Alors beaucoup lui ont reproché d’avoir un jour réduit son métier à fabriquer du temps de cerveau disponible « Ce que nous vendons à Coca-Cola, c'est du temps de cerveau humain disponible » avait-il déclaré. On était en 2004 et TF1 était la chaîne de télévision la plus puissante d'Europe. Patrick Le Lay définissait alors ce qu'était le modèle de son entreprise : une machine à vendre des emplacements publicitaires au milieu de programmes qui dominaient outrageusement le paysage audiovisuel français.

Certains ont essayé de le défendre en expliquant qu’il s’agissait d’une maladresse. Ils ont tort, PLL assumait totalement sa provocation qui lui a collé à la peau jusqu’au dernier jour.

Mais jusqu’au dernier jour de son mandat, il a développé son modèle en ajoutant un bouquet de chaîne autour de la chaîne mère.

Là encore, on lui reprochera longtemps de ne pas avoir cru à la TNT, au digital et à l’international ..., parce que s’il y avait cru, le groupe serait sans doute plus puissant que Facebook aujourd´hui.

La vérité dans cette affaire, c’est que Patrick Le Lay croyait à la télévision payante. Il ne croyait pas à la télévision gratuite qui n’aurait vécu que de la publicité. Il avait raison, mais beaucoup trop tôt. Il croyait à la pay tv. 
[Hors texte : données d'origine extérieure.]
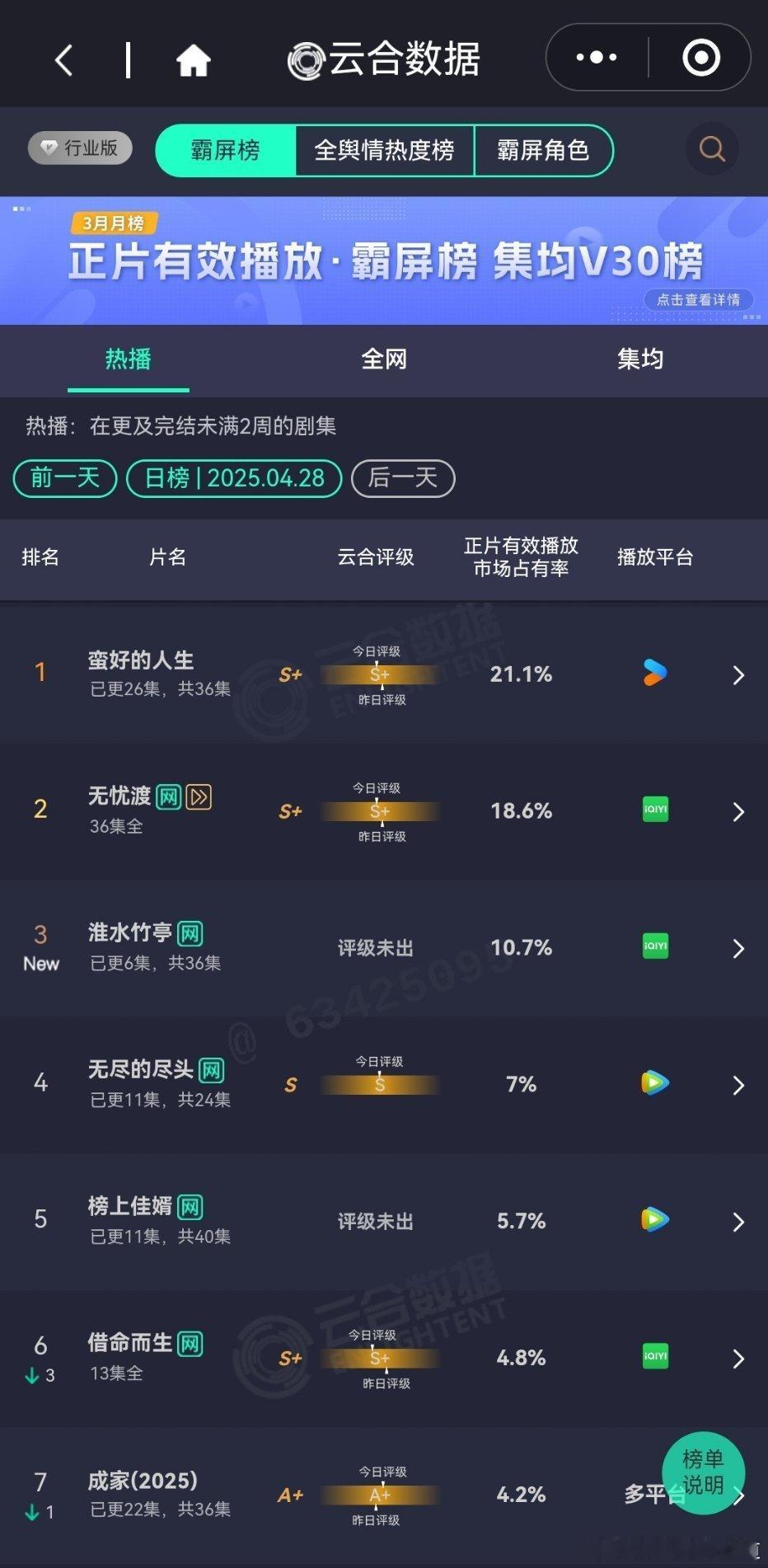 云合淮水竹亭首日云合2202，云合占比10.8，在🥝的独播剧中是近三年最高的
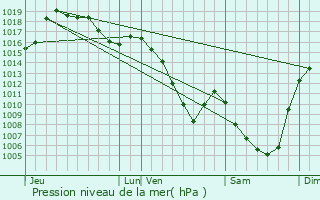 Graphe de la pression atmosphrique prvue pour Saint-Prjet-Armandon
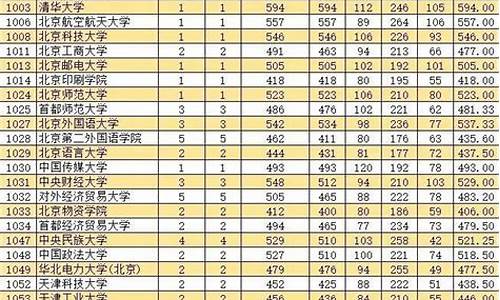 新疆2016高考投档线是多少,新疆2016高考投档线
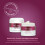 Κρέμα νύχτας & ημέρας εμπλουτισμένη με Retinol - 24ΩΡΗ περιποίηση για νεανικό δέρμα 4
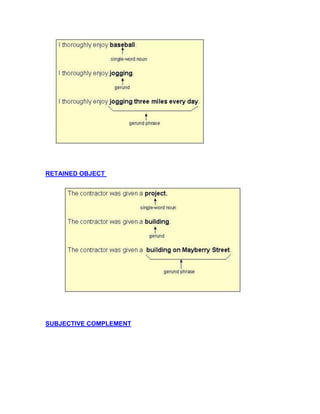 Retained Complement Sentence. Example Verbals | DOCX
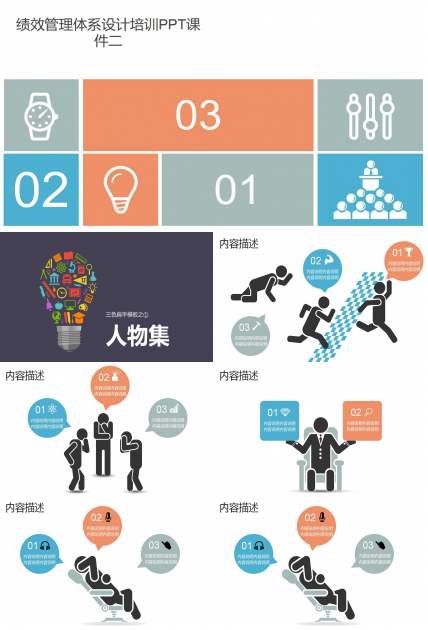 绩效管理体系设计培训PPT课件二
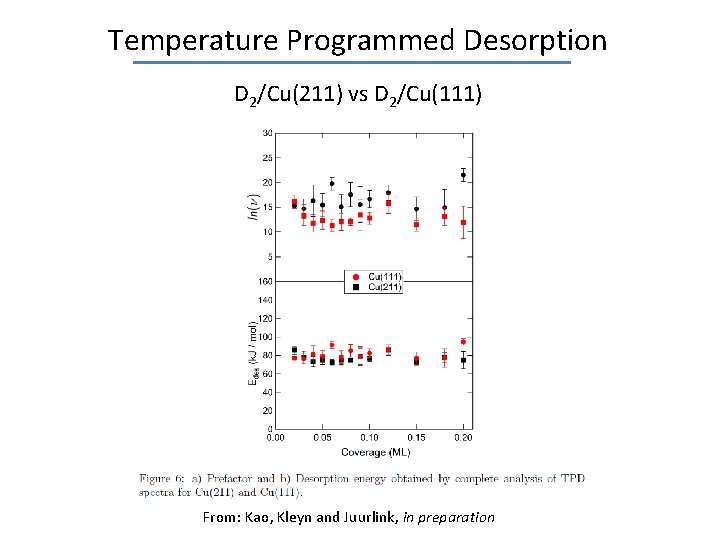 Temperature Programmed Desorption D 2/Cu(211) vs D 2/Cu(111) From: Kao, Kleyn and Juurlink, in
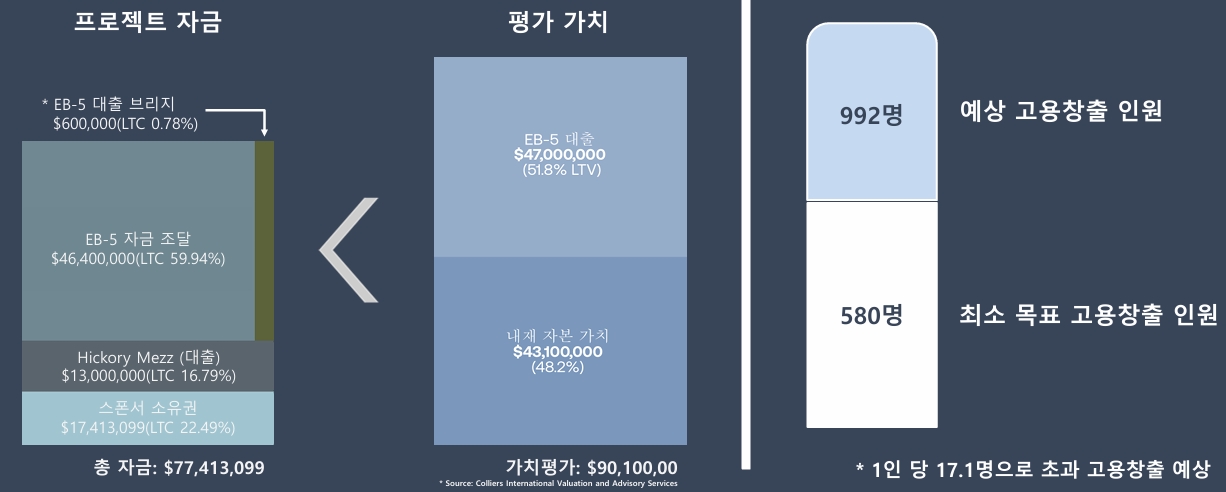 미국투자이민 프로젝트_이미지6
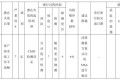 IATF16949五大工具与三坐标工作实践的紧密结合——FMEA 篇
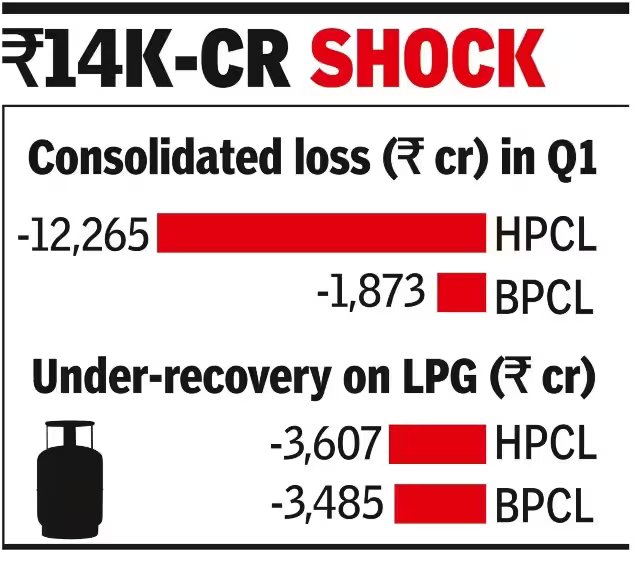 अंडर-रिकवरी ने एचपीसीएल, बीपीसीएल को घाटे में धकेल दिया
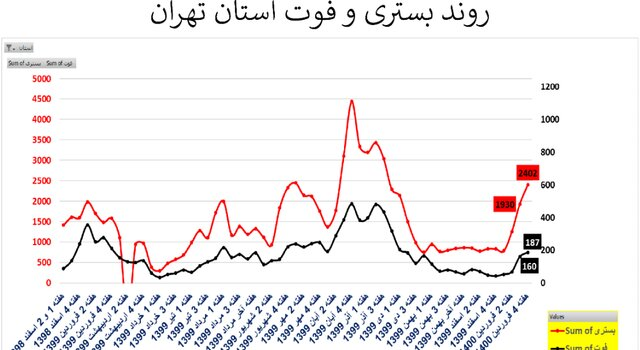 تهران؛ سراسر قرمز شد؛ ۱۸۷ فوتی مبتلا به کرونا در هفته گذشته/ نمودار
La publicité s’est progressivement détournée de la télévision pour aller se réfugier dans le digital, tout comme les séries vidéo, les films ou l’information. TF1 a trop tardé à faire sa mutation digitale non pas parce que le couple Le Lay-Mougeotte n'y croyait pas, mais parce qu’ils appartenaient à un groupe dont l’effort d’investissement était principalement orienté sur la téléphonie mobile.

Patrick Le Lay a été d’une loyauté totale.  Mais tout ce qui s’est passé depuis dix ans lui a donné raison.
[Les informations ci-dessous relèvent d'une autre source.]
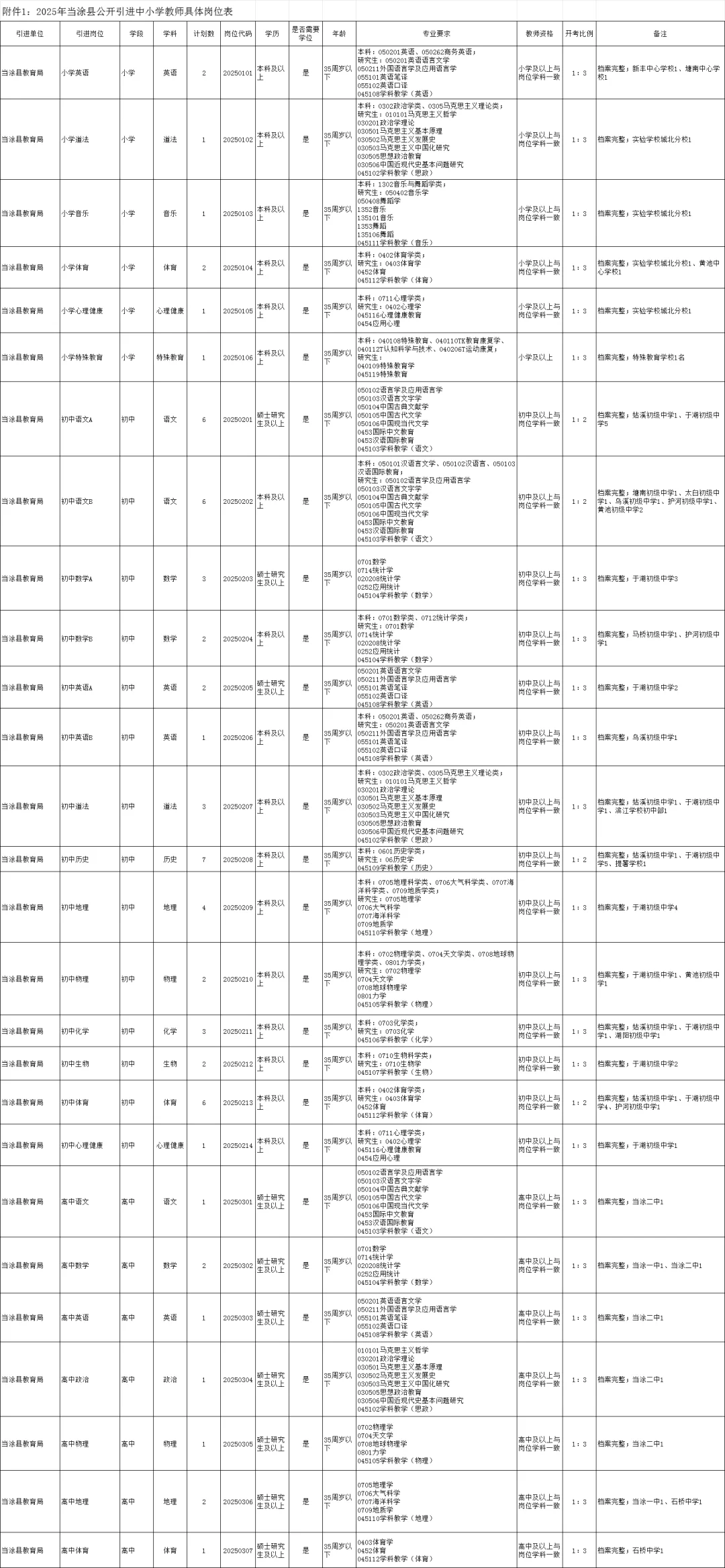 2025年当涂县公开引进中小学教师65名公告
Patrick le Lay était, certains jours, impossible à vivre, brutal, exigeant, impitoyable avec la médiocrité ou la bêtise, mais toujours courageux, et juste.  Bienveillant et attentif avec tous ceux qu‘il avait choisis pour travailler près de lui. Il accordait sa confiance et tout était possible, à condition de respecter cette confiance.
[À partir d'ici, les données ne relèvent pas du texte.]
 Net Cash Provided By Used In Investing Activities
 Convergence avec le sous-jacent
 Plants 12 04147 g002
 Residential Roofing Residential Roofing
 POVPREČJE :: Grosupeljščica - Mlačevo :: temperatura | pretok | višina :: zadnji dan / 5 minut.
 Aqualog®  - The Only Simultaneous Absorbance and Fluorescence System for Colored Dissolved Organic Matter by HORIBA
Nous l’aimions profondément. Je l’aimais profondément. Il voulait être entendu, mais il passait beaucoup de temps à écouter.

Je pense à Dominique, je pense à ses enfants et ses petits enfants pour lesquels il dégageait ces derniers temps beaucoup de temps disponible de son cerveau.

Patrick est mort le lendemain de la Saint Patrick. Il était Breton, et pour un breton cette fête est sacrée. Il était breton et il est donc mort en pleine tempête contre la maladie à un moment où le monde qu’il a si souvent observé vacille.